Artikel 2.2 Wanneer past de gemeente de Wet Bibob toe als iemand al een vergunning heeft (verleende vergunning)?

  • 1. De gemeente start een eigen onderzoek bij verleende vergunningen als beide situaties hieronder voorkomen:

    • a.

      De gemeente krijgt een melding dat de persoon die de vergunning heeft gekregen de vergunning op naam van iemand anders wil zetten (wijziging aanvrager of vergunninghouder zoals bedoeld in artikel 5.37 van de Omgevingswet)

      én

    • b.

      Eén of meerdere activiteiten waarvoor de vergunning geldt een risicoactiviteit is (zie bijlage 1) en/of in een risicogebied gebeuren (zie bijlage 2). Bij omgevingsvergunningen kan dit alleen als aan de voorwaarden is voldaan van artikel 5.40 van de Omgevingswet (bevoegdheid tot wijziging voorschriften omgevingsvergunning en intrekking omgevingsvergunning).

  • 2. De gemeente kan een eigen onderzoek starten bij een verleende vergunning als:

    • a.

      de gemeente de activiteit of het gebied waarvoor de vergunning geldt na het verlenen van de vergunning heeft toegevoegd aan de risicoactiviteiten (zie bijlage 1) of risicogebieden (zie bijlage 2).

    • b.

      de leidinggevende(n) en/of zeggenschaphebbende(n) van de persoon die de vergunning heeft gekregen is/zijn veranderd.

    • c.

      de gemeente dit nodig vindt door eigen ambtelijke informatie en/of informatie van één van de partners van het samenwerkingsverband RIEC.

    • d.

      de gemeente een tip heeft ontvangen van het Landelijk Bureau Bibob zoals bedoeld in artikel 11 van de Wet Bibob.

    • e.

      de gemeente een tip heeft ontvangen van de officier van justitie, een ander bestuursorgaan dat de Wet Bibob mag uitvoeren, of een rechtspersoon met een overheidstaak die de Wet Bibob mag uitvoeren, zoals bedoeld in artikel 26 van de Wet Bibob.

Artikel 2.3 Wanneer past de gemeente de Wet Bibob toe bij subsidies?

De gemeente kan een eigen Bibob-onderzoek starten bij een aanvraag voor een subsidie of een (deels) goedgekeurde subsidie zoals bedoeld in de Algemene subsidieverordening gemeente Katwijk 2018 als:

  • a.

    De activiteit waarvoor de subsidie geldt onder één of meer van de risicoactiviteiten valt (zie bijlage 1) en/of in een van de risicogebieden gebeurt (zie bijlage 2).

  • b.

    De gemeente dit nodig vindt door eigen ambtelijke informatie en/of informatie van één van de partners van het samenwerkingsverband RIEC.

  • c.

    De gemeente een tip heeft ontvangen van het Landelijk Bureau Bibob, zoals bedoeld in artikel 11 van de Wet Bibob.

  • d.

    De gemeente een tip heeft ontvangen van de officier van justitie, een ander bestuursorgaan dat de Wet Bibob mag uitvoeren of een rechtspersoon met een overheidstaak die de Wet Bibob mag uitvoeren, zoals bedoeld in artikel 26 van de Wet Bibob.

Artikel 2.4 Wat gebeurt er als iemand weigert de Bibob-vragenformulieren (helemaal) in te vullen?

  • 1. Gaat het om een aanvraag voor een vergunning of subsidie?
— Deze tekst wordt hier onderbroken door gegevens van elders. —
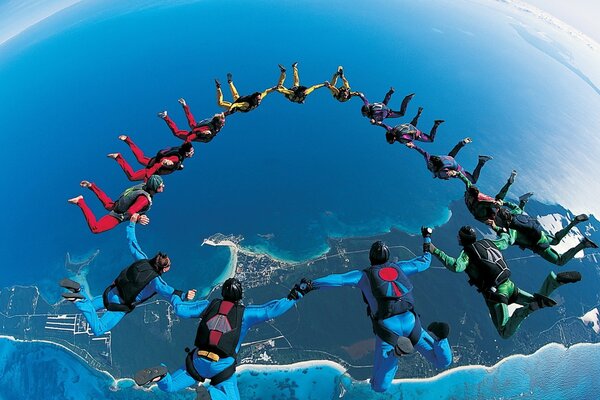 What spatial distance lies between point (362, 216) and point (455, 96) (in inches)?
799

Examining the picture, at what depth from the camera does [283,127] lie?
25.1m

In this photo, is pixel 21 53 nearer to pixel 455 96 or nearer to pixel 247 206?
pixel 247 206

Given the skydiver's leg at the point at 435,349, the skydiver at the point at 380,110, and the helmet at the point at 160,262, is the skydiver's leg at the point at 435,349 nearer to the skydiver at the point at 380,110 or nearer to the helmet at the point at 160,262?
the helmet at the point at 160,262

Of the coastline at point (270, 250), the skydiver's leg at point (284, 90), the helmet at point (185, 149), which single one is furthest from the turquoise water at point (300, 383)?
the skydiver's leg at point (284, 90)

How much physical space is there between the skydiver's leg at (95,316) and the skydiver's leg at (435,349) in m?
7.26

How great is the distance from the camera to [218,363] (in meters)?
6.45

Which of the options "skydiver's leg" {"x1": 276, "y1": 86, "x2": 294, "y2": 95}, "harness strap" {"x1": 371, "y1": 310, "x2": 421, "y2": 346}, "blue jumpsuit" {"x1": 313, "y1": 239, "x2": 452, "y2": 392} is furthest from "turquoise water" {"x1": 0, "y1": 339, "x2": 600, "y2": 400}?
"skydiver's leg" {"x1": 276, "y1": 86, "x2": 294, "y2": 95}

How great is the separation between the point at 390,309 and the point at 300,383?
9.22 metres

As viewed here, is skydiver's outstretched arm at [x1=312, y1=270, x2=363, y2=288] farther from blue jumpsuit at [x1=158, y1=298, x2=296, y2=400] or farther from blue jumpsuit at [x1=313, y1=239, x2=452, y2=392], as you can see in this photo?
blue jumpsuit at [x1=158, y1=298, x2=296, y2=400]

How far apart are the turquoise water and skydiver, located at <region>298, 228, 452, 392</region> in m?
7.42

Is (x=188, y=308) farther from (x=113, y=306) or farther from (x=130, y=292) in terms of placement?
(x=113, y=306)

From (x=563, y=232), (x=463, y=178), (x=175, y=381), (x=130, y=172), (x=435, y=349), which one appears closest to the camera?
(x=175, y=381)

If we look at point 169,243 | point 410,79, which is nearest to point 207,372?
point 169,243

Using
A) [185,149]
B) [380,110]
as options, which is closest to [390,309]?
[185,149] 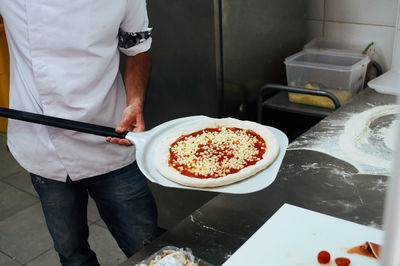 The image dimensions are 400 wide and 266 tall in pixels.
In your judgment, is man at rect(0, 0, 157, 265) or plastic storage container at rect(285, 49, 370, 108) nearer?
man at rect(0, 0, 157, 265)

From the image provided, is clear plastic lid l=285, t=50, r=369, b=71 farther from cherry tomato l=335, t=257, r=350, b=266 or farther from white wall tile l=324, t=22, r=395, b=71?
cherry tomato l=335, t=257, r=350, b=266

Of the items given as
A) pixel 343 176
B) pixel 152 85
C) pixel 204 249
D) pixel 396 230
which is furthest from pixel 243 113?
pixel 396 230

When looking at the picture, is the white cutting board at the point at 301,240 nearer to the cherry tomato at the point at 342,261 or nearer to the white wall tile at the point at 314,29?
the cherry tomato at the point at 342,261

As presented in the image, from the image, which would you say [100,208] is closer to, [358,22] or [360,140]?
[360,140]

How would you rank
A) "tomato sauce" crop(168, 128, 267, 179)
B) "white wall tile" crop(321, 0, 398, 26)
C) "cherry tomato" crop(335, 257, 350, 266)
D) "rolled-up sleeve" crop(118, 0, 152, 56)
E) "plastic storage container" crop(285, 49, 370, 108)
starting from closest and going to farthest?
"cherry tomato" crop(335, 257, 350, 266) < "tomato sauce" crop(168, 128, 267, 179) < "rolled-up sleeve" crop(118, 0, 152, 56) < "plastic storage container" crop(285, 49, 370, 108) < "white wall tile" crop(321, 0, 398, 26)

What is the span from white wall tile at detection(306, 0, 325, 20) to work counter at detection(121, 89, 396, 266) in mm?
1022

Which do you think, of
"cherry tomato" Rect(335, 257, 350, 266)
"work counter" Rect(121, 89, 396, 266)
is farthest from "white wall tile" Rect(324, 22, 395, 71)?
"cherry tomato" Rect(335, 257, 350, 266)

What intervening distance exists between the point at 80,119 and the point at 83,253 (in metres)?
0.55

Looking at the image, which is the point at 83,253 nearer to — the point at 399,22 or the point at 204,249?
the point at 204,249

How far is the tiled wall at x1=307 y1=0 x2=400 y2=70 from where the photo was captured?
2297 mm

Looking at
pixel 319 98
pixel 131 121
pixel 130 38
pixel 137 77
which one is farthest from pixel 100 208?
pixel 319 98

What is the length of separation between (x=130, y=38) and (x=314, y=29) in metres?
1.35

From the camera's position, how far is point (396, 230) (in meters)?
0.30

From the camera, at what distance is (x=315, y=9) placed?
8.22ft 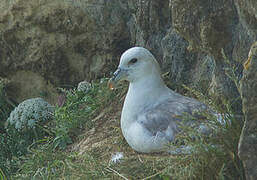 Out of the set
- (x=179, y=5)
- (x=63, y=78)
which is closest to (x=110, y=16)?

Dan kan de gemeente beslissen de aanvraag niet te behandelen. Dit staat in artikel 4:5 van de Algemene wet bestuursrecht (Awb).

  • 2. Gaat het om een verleende vergunning, ontheffing of subsidie? Dan kan de gemeente de vergunning, ontheffing of subsidie intrekken. Het weigeren om vragenformulieren (helemaal) in te vullen wordt door de gemeente namelijk gezien als ernstig gevaar zoals bedoeld in artikel 3 van de Wet Bibob.

Hoofdstuk 3: Privaatrechtelijke transacties

In dit hoofdstuk leest u wanneer de gemeente de Wet Bibob kan gebruiken bij privaatrechtelijke transacties, zoals het kopen of verkopen van gebouwen of grond, of bij overheidsopdrachten.

Artikel 3.1 Hoe past de gemeente de Wet Bibob toe bij vastgoedtransacties?

De gemeente kan een Bibob-onderzoek doen als de gemeente zelf een vastgoedtransactie doet, zoals het kopen of verkopen van een gebouw of een stuk grond. De gemeente moet de betrokkene laten weten wanneer het een eigen Bibob-onderzoek doet en/of het Landelijk Bureau Bibob om advies vraagt. De gemeente kan deze informatie bijvoorbeeld in de Verkoopleidraad zetten en/of dit vertellen bij de start van de onderhandelingen.

De gemeente neemt een integriteitsclausule op in het contract voor de vastgoedtransactie. Hierin staat dat de gemeente onder het contract uit kan als uit een Bibob-onderzoek blijkt dat de andere partij niet integer is.

  • 1.

    De gemeente kan een eigen Bibob-onderzoek starten als:

    • a.

      het vastgoedobject, zoals een gebouw of een stuk grond, gebruikt wordt of gebruikt gaat worden voor één of meerdere activiteiten die vallen onder de risicoactiviteiten (zie bijlage 1) en/of gebeuren in één van de risicogebieden (zie bijlage 2).

    • b.

      de gemeente dit nodig vindt door eigen ambtelijke informatie en/of informatie van één van de partners van het RIEC;

    • c.

      de gemeente een tip heeft ontvangen van het Landelijk Bureau Bibob zoals bedoeld in artikel 11 van de Wet Bibob;

    • d.

      de gemeente een tip heeft ontvangen van de officier van justitie, een ander bestuursorgaan dat de Wet Bibob mag uitvoeren, of een rechtspersoon met een overheidstaak die de Wet Bibob mag uitvoeren, zoals bedoeld in artikel 26 van de Wet Bibob.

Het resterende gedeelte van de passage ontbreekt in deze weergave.